Task statement
Leave out all pictures while repeating the records exactly and completely.

Record excerpts
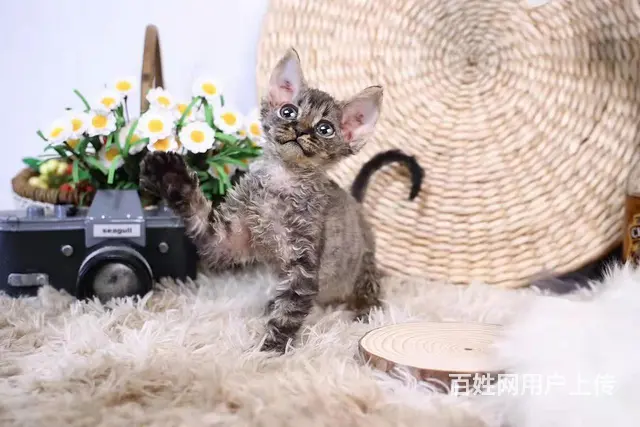哪里有卷毛猫卖的 双血统卷毛猫多少钱 - 图片 1
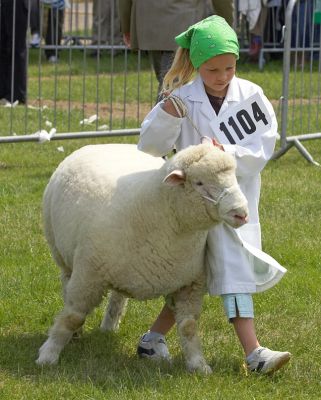 I'll show her who's boss!
Keywords: Sheep showing Three Counties Show
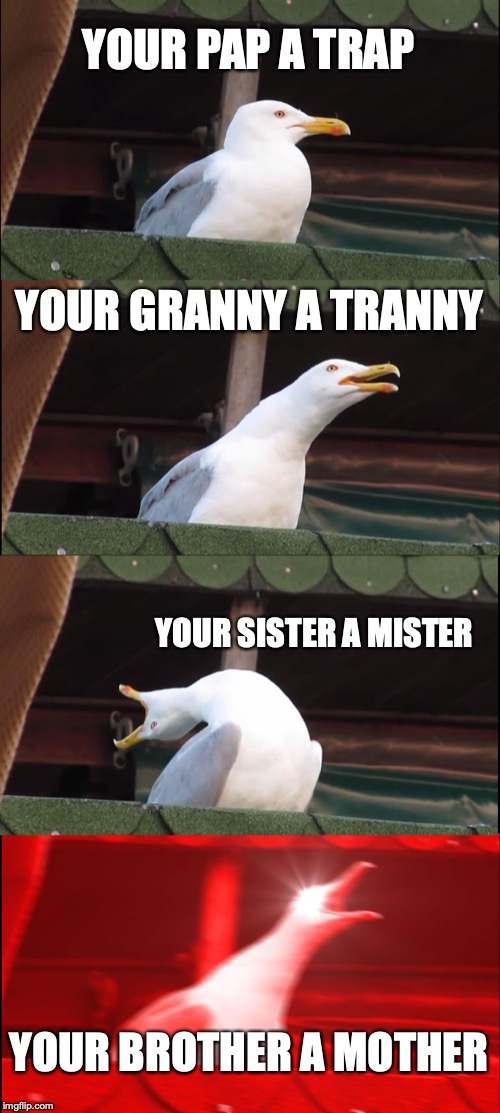 Inhaling Seagull Meme | YOUR PAP A TRAP YOUR GRANNY A TRANNY YOUR SISTER A MISTER YOUR BROTHER A MOTHER | image tagged in memes,inhaling seagull | made w/ Imgflip meme maker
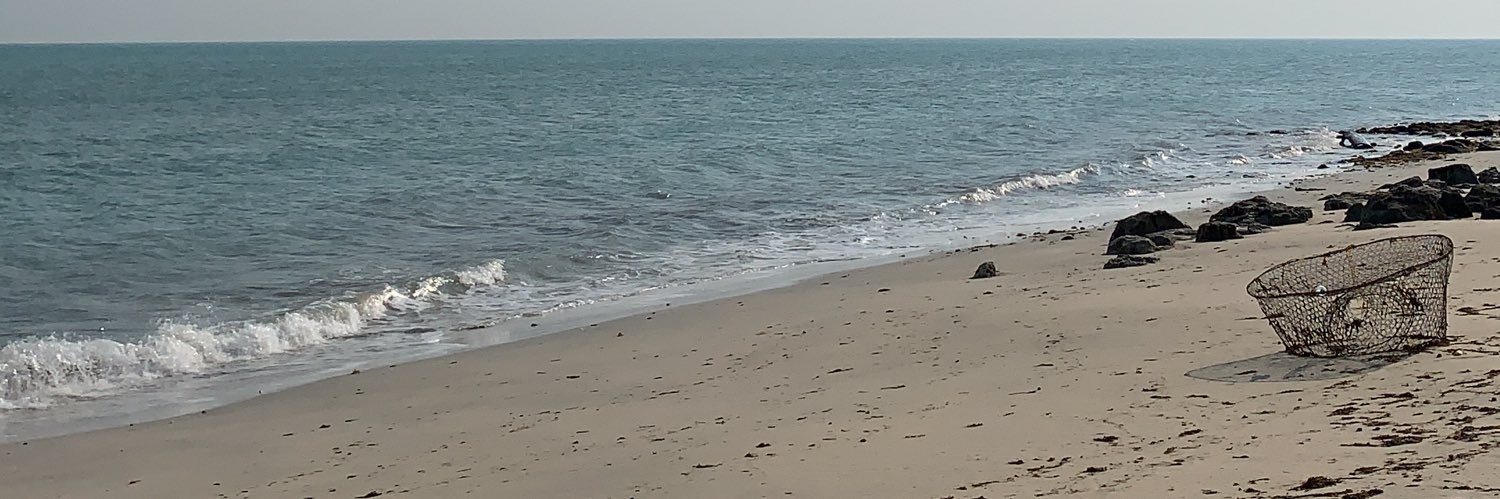 14iuw's profile banner image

Written solution
哪里有卷毛猫卖的 双血统卷毛猫多少钱 - 图片 1
 I'll show her who's boss!
Keywords: Sheep showing Three Counties Show
 Inhaling Seagull Meme | YOUR PAP A TRAP YOUR GRANNY A TRANNY YOUR SISTER A MISTER YOUR BROTHER A MOTHER | image tagged in memes,inhaling seagull | made w/ Imgflip meme maker
 14iuw's profile banner image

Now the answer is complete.